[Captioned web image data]

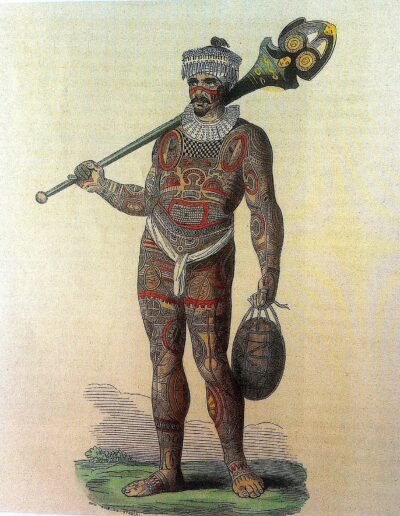 Tattooed Marquesan Warrior - Engraving of Noukahiwa in N. Dally's Customs and Costumes of the Peoples of the World, Turin, 1845. Musée des Arts Décoratifs, Paris.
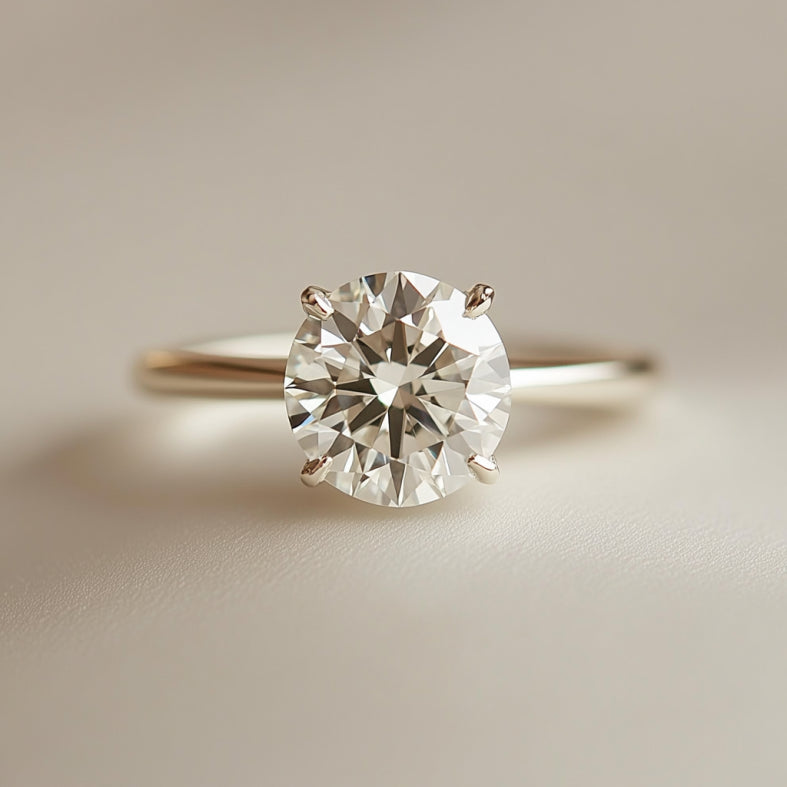 The Round Cut Diamond ring Simple
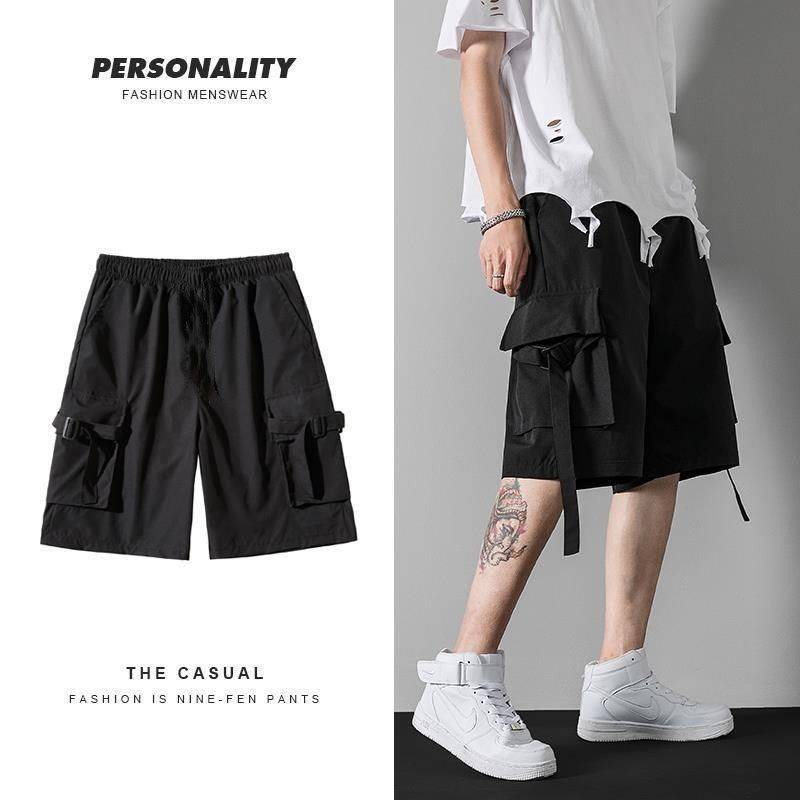 Working shorts, men's trendy brand horse pants ins, trend wild pants, student big size big pants big pants hip hip pants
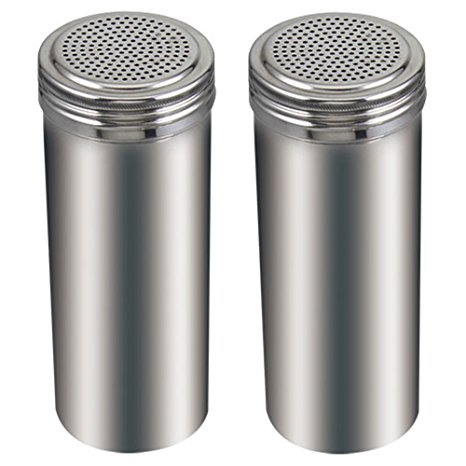 (Pack of 2) 22 Oz. Stainless Steel Dredge Salt / Sugar / Spice / Pepper Shaker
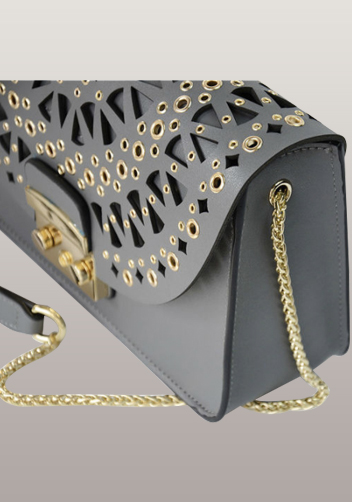 Glamvogue Laser - Cut Leather Shoulder Bag Grey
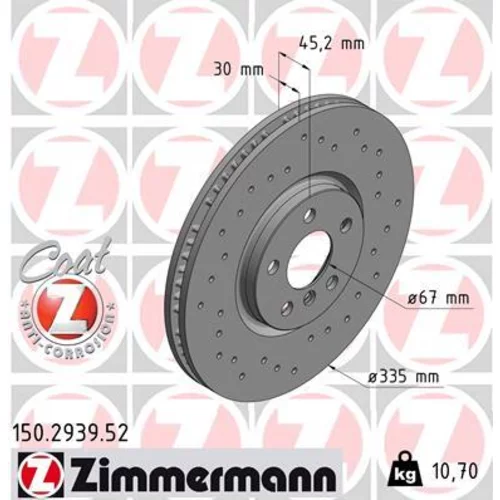 Brzdový kotúč ZIMMERMANN 150.2939.52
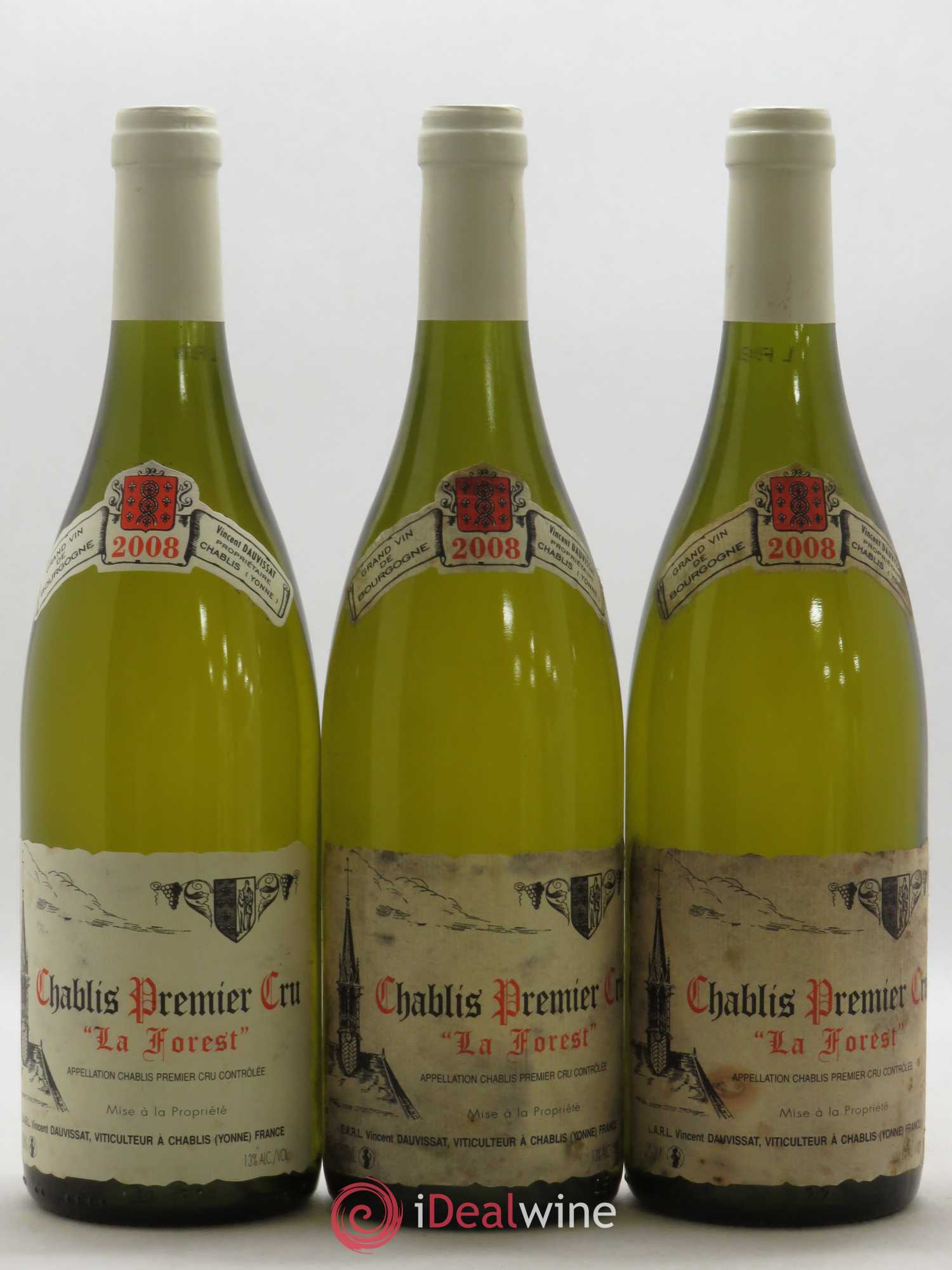 Chablis 1er Cru La Forest Vincent Dauvissat (Domaine) 2008 - Lot de 3 bouteilles - 0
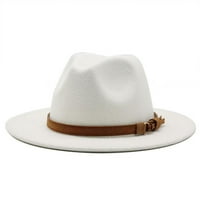 Ženski muški kaubojski šešir zapadnog stila, modne jazz sombrero kape širokog oboda, bijela
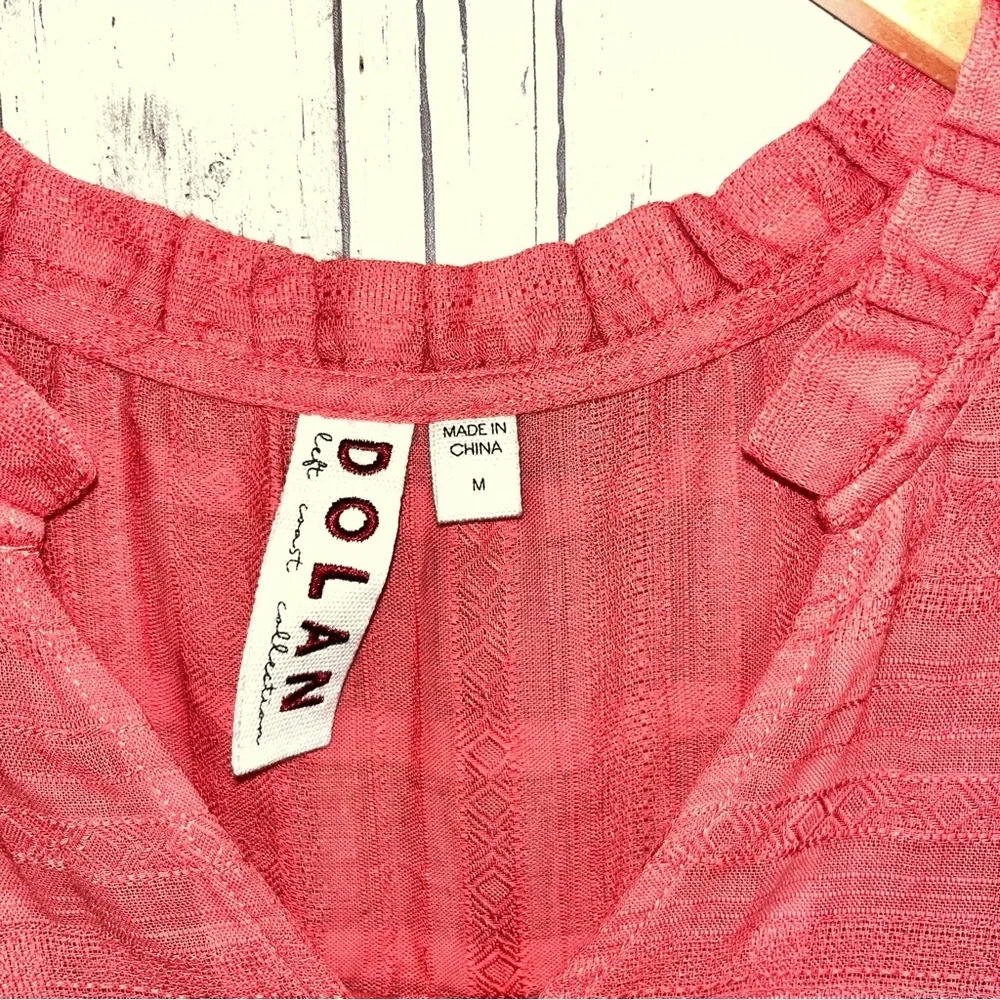 Dolan Left Coast Tandy Ruffle Blouse Peachy Pink Women’s Size Medium - Picture 5 of 5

[Task]
Only the lines from the one with "Working shorts, men's" through the final line of the entries above should be transcribed, exactly and without pictures.

[Output of the exercise]
 Working shorts, men's trendy brand horse pants ins, trend wild pants, student big size big pants big pants hip hip pants
 (Pack of 2) 22 Oz. Stainless Steel Dredge Salt / Sugar / Spice / Pepper Shaker
 Glamvogue Laser - Cut Leather Shoulder Bag Grey
 Brzdový kotúč ZIMMERMANN 150.2939.52
 Chablis 1er Cru La Forest Vincent Dauvissat (Domaine) 2008 - Lot de 3 bouteilles - 0
 Ženski muški kaubojski šešir zapadnog stila, modne jazz sombrero kape širokog oboda, bijela
 Dolan Left Coast Tandy Ruffle Blouse Peachy Pink Women’s Size Medium - Picture 5 of 5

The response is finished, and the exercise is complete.